Workers wages vs. corporate profits since the passage of the Republican tax bill (data by Federal Reserve, chart by Center for American Progress)

The reason workers aren’t getting ahead is likely due to the fact that the cost of living in America is rising at breakneck pace. Most of that cost is in housing: A Reuters poll from June found that home prices are rising faster than wage growth, and even inflation, meaning the affordable housing crisis will only worsen over the next several years.

For parents, the economy is even worse. Child care costs have outpaced all other expenses, with a family making $87,000/year still having to shell out approximately 10 percent of their monthly income, and a single parent having to spend almost 40 percent of their monthly income on child care, according to a recent study from Child Care Aware of America. In some cities, child care costs nearly equal rent.

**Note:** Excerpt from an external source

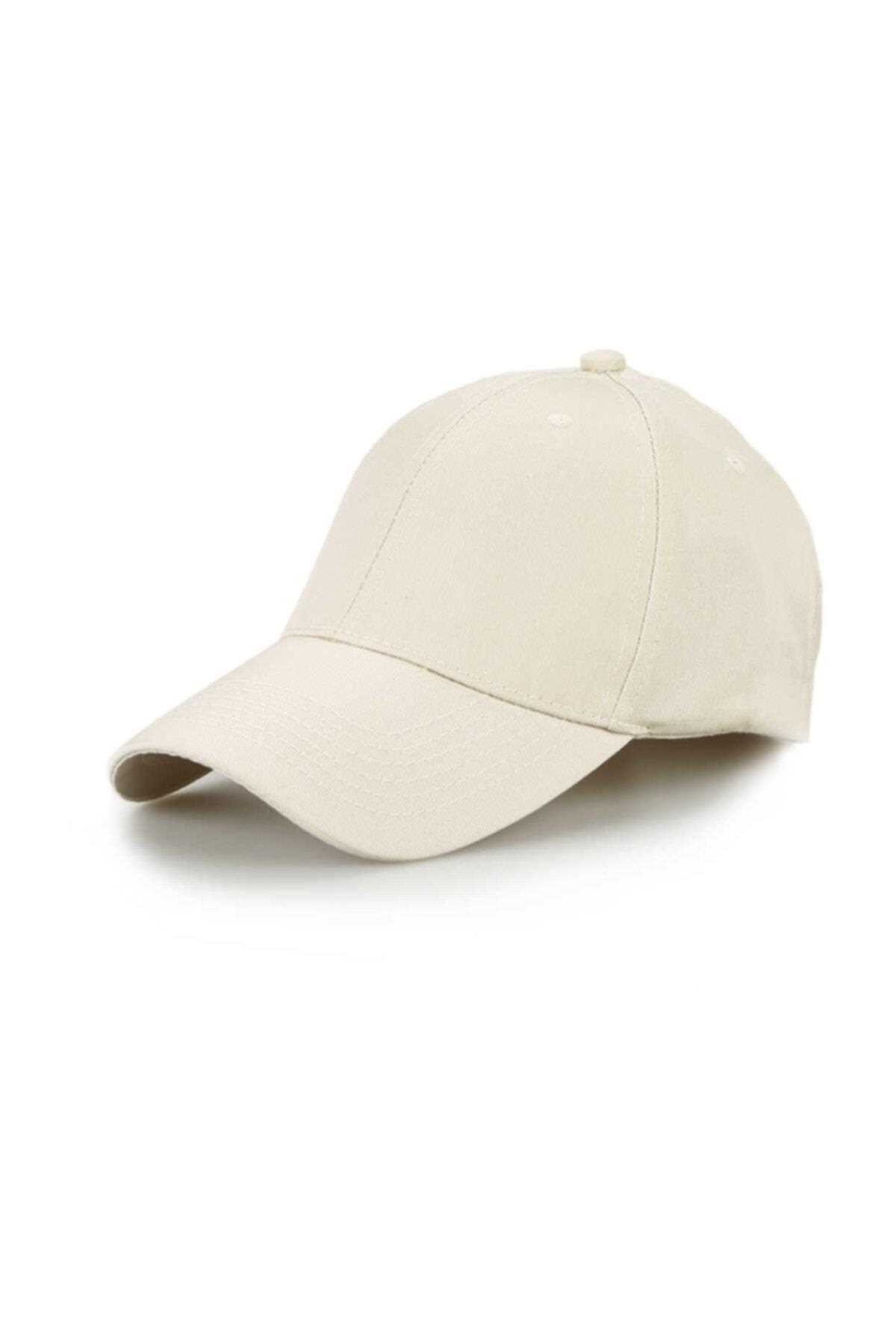 خرید پستی کلاه زنانه جدید شیک PRC şapka رنگ بژ کد ty38273775
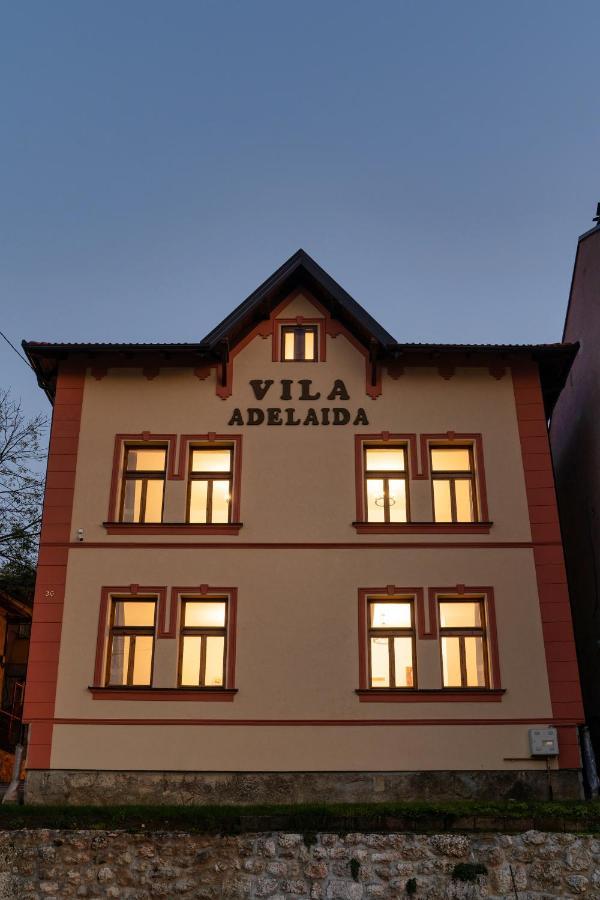 Villa Adelaida SJJ Eksteriør bilde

Republicans have repeatedly demonstrated that they aren’t the party of working Americans — just recently, White House economic adviser Larry Kudlow hinted that he’d be in favor of abolishing the federal minimum wage, calling it a “terrible idea” that hurts small business. This would mean corporations would no longer have a floor for how low they can pay workers.

This attitude is reflected in Republican-controlled legislatures across the country. As The New Republic reported last year, the Koch Brothers-funded American Legislative Exchange Council (ALEC) — a partnership between corporate lobbyists and Republican legislators — has successfully passed model legislation blocking cities from raising their minimum wage in two dozen states. In Iowa, an ALEC model bill passed in March that not only blocked cities from raising wages, but voided increases passed in four different counties, which actually lowered 65,000 workers’ wages.

If Americans want to see a real increase in their wages, they should aggressively mobilize against any politician — whether they be Republicans or Democrats — trying to convince you to be happy with a few more dollars in your pocket while the vast bulk of economic growth flows into the bank accounts of CEOs and investors.